O limite entre intolerância e censura vem sendo posto à prova pela cultura do cancelamento, ultimamente tão difundida – e contestada. A facilidade de emitir opinião, proporcionada pela internet, acaba resultando em avalanches de vozes e, por conseguinte, de interpretações. Mas o que acontece no cancelamento é que basta alguém apontar um suposto malfeito de outro alguém para uma multidão abraçar a causa e partir para a ação de limar definitivamente o suposto malfeitor da face da mídia, e fora dela também – há casos de perda de emprego como consequência.
Discordar pode ser saudável, mas existe saúde na condenação pública – e no linchamento virtual? Onde acaba a liberdade de expressão e onde começa a repressão? Não estaríamos abrindo mão de nossa capacidade humana de tolerar quem pensa diferente? Ou de perdoar aquele que erra? Quem nos dá o direito de julgar? O cancelamento pode ganhar contornos de perseguição, alimentando uma cultura de ódio.
No Brasil, um exemplo típico de cancelamento foi o que aconteceu com a blogueira Gabriela Pugliesi. A quarentena estava ainda começando quando ela postou fotos de uma festa em casa. A patrulha da internet a condenou sem piedade pelo ato clara ou supostamente inconsequente. Gabriela perdeu não apenas milhares de seguidores, mas também patrocínios e contratos de publicidade, amargando prejuízos que estariam na casa dos 2 milhões de dólares.
No caso do editor de opinião do New York Times, James Bennet, a detração acabou lhe custando o próprio cargo, por publicar um artigo de um senador republicano que defendia a ação do exército para reprimir manifestações pelos direitos dos negros. Ou seja, pessoas em guerra contra a intolerância racial adotaram uma postura intolerante – ainda que supostamente justificada – contra um profissional que ousou dar voz a uma opinião discordante, ainda que intolerante.
RECEITA PARA DISCORDAR SEM SER CANCELADO
A multiplicação de casos de cancelamento levou um grupo de 150 intelectuais, cientistas e artistas a publicar na americana Harper’s Magazine uma carta aberta “sobre justiça e debate aberto”. Nomes como Noam Chomsky, Salman Rushdie e J. K. Rowling afirmaram que “a livre troca de informações e ideias, força vital de uma sociedade, está se tornando cada vez mais restrita.” Acabaram provocando a ira de outro grupo que, em reação, também escreveu uma carta para acusá-los de privilegiados que ignoram “as dificuldades de minorias, como negros e a população LGBT, no debate público”.

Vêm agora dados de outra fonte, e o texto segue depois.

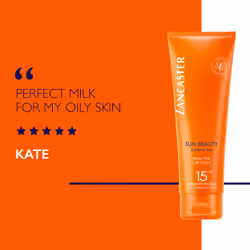 Lancaster Sun Beauty Lait de protection solaire Corps 15 Adultes - Vue supplémentaire 8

Em recente entrevista ao Globo, o jornalista americano Gay Talese opinou: “Acho que essa atmosfera em que apenas um lado detém a definição de ‘virtude’, ‘retidão’ e ‘igualitarismo’ é uma tendência perigosa e contrária aos princípios democráticos.”
Já o espanhol El País chegou a publicar um artigo intitulado “Como aprender a discordar sem cair nas garras da cultura do cancelamento”. A receita passa pela maneira de expressar uma discordância: “Devemos ser flexíveis, ter empatia ao outro, usar a sedução e deixar claro que as ideias expressadas também trazem benefício ao interlocutor.”
Em artigo na Época, o jornalista Hugo Gurovitz citou o seguinte trecho do livro The Tyranny of Virtue, de Robert Boyers: “Supusemos por muito tempo que as sociedades liberais devem ser defendidas justamente porque estão comprometidas com o pluralismo e o choque de ideias. Apesar disso, avançamos em várias frentes rumo ao que diversos pensadores chamam de ‘regimes missionários’, promovendo o que julgam ser ‘valores avançados’. O próprio Gurovitz emendou: “Qual a diferença para a polícia do pensamento no totalitarismo?”
A cultura do cancelamento transparece – e reforça – a polarização atualmente tão presente em posições políticas. E essa polarização parece remar contra a possibilidade de entendimento entre forças antagônicas. É na resiliência – para usar outra palavra em voga – que pode estar o caminho para a saúde das relações. É quando dois lados opostos cedem que ambos se permitem crescer. Essa ideia nada tem de nova, mas parece que anda difícil aplicá-la.
Bruno Casotti é jornalista e tradutor.